[[ Information shown open ]]

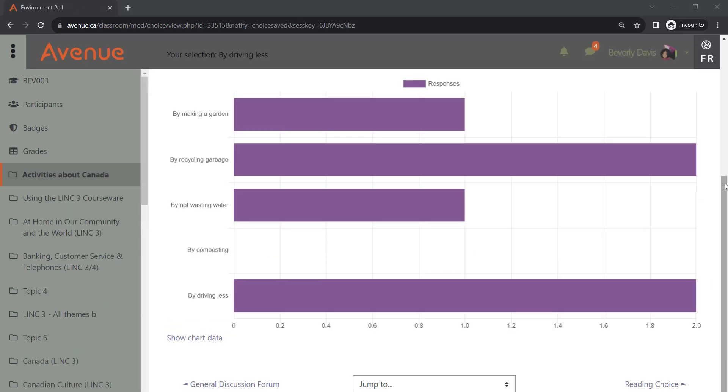When their response is submitted, a participant will be able to view the overall results displayed as a graph.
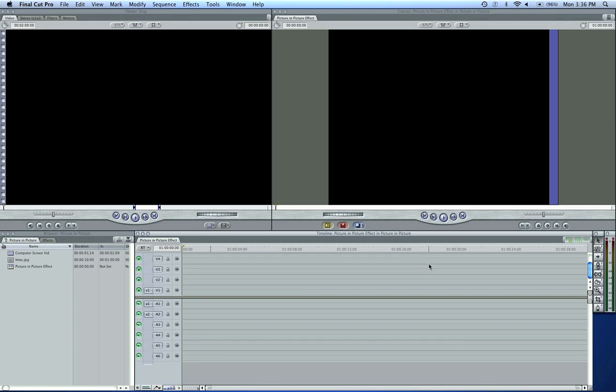Hey, this is Zach King with another Final Cut Pro tutorial. Hope you guys had a great Easter. Let me cut to the chase here, we're going to be doing a picture in picture effect because a couple of subscribers emailed me that question.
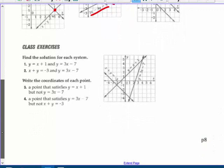Find the solution for each system. Number one: y equals x plus 1, and y equals 3x minus 7. They cross right here at the point 4, 5 — where they intersect, so they do have a solution. Number two: x plus y equals negative 3, and y equals 3x minus 7. They also cross, so they are consistent and have one solution at 1, negative 4.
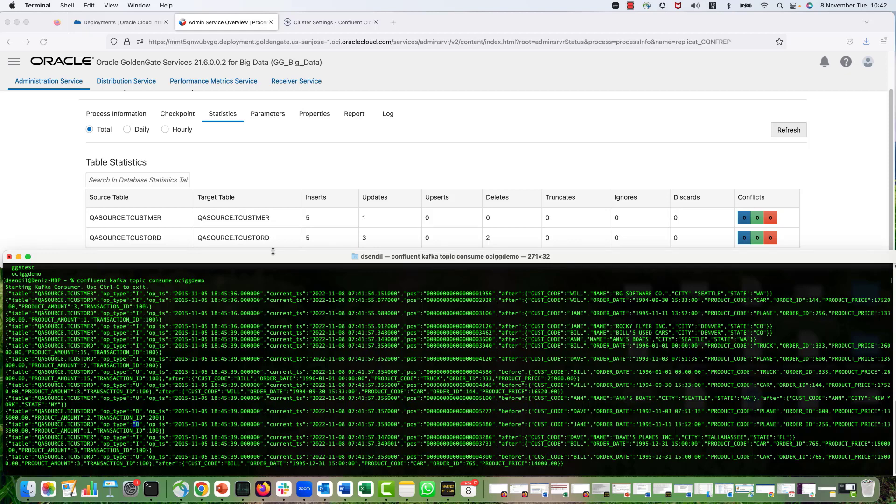But this is how you can configure your OCI Golden Gate replication for Confluent Cloud without schema registry with bare minimum requirements. Thanks for your time, thanks for your interest. Hope to see you in another recording.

[[ Information shown closed ]]

- [Directions]:
Word for word, retype the lines from the one that contains "Hey, this is" through the final line of the data, both ends included, excluding pictures.

- [Answer for this exercise]:
Hey, this is Zach King with another Final Cut Pro tutorial. Hope you guys had a great Easter. Let me cut to the chase here, we're going to be doing a picture in picture effect because a couple of subscribers emailed me that question.
Find the solution for each system. Number one: y equals x plus 1, and y equals 3x minus 7. They cross right here at the point 4, 5 — where they intersect, so they do have a solution. Number two: x plus y equals negative 3, and y equals 3x minus 7. They also cross, so they are consistent and have one solution at 1, negative 4.
But this is how you can configure your OCI Golden Gate replication for Confluent Cloud without schema registry with bare minimum requirements. Thanks for your time, thanks for your interest. Hope to see you in another recording.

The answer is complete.